BBC tweet
The BBC tweeted about how to negotiate a pay rise days after Carrie Gracie's resignation. Twitter

The BBC has suggested people should negotiate a New Year pay rise, just four days after its China Editor Carrie Gracie resigned due to the corporation's "secretive and illegal pay culture".

The tweet, which was posted on Thursday morning (11 January) from the main BBC Twitter account, said: "Back at work and feeling undervalued? Not being paid what you're worth? Why not start the year by asking for a pay rise?

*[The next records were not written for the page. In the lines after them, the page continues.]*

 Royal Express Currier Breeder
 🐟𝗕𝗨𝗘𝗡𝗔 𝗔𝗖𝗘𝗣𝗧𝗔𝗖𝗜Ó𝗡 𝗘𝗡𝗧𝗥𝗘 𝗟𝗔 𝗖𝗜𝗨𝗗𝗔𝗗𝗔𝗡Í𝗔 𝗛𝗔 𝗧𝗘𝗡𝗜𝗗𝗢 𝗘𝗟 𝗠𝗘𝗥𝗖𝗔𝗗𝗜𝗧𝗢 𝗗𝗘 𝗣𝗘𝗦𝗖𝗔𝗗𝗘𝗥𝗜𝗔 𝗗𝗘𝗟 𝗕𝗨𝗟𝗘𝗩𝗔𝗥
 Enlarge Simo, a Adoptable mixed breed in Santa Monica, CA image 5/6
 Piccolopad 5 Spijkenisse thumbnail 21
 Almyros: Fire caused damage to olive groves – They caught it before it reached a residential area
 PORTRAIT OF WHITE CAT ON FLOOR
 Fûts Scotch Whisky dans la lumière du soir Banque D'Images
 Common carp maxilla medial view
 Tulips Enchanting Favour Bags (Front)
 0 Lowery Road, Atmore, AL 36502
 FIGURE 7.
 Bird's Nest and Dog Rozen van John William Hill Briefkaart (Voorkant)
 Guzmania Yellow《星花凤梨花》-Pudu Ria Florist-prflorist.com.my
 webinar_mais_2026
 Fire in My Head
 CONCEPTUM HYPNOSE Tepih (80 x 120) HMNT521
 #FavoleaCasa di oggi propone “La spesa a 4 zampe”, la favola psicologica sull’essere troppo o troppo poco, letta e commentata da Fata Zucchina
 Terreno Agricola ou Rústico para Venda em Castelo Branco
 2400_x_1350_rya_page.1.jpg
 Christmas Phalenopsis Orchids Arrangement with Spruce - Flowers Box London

"Here are some tips on how to negotiate one." The tweet linked to a video from BBC Woman's Hour about how to negotiate a pay rise with tips from expert negotiator Natalie Reynolds, the CEO of advantageSPRING.

The tweet had been deleted by 9.50am after being up for around two hours, more than long enough for people to notice the irony.

Social media manager Jono Read described it as the BBC "trolling its own employees", while BuzzFeed's Scott Bryan said: "Of all of the weeks for the BBC to tweet this." Another user said: "This is all getting very meta."

Gracie resigned from her £145,000 post in protest at the inequality in pay between men and women at the BBC. She even turned down a £45,000 pay rise during a six-month battle for equal pay with her male equivalents.

She told Woman's Hour on Monday: "I do think salaries at the top are unacceptably high, both for presenters and stars of various kinds and also for managers. I didn't want more money, I wanted equality and this was not equality. There was still a big gap between myself and my male peers."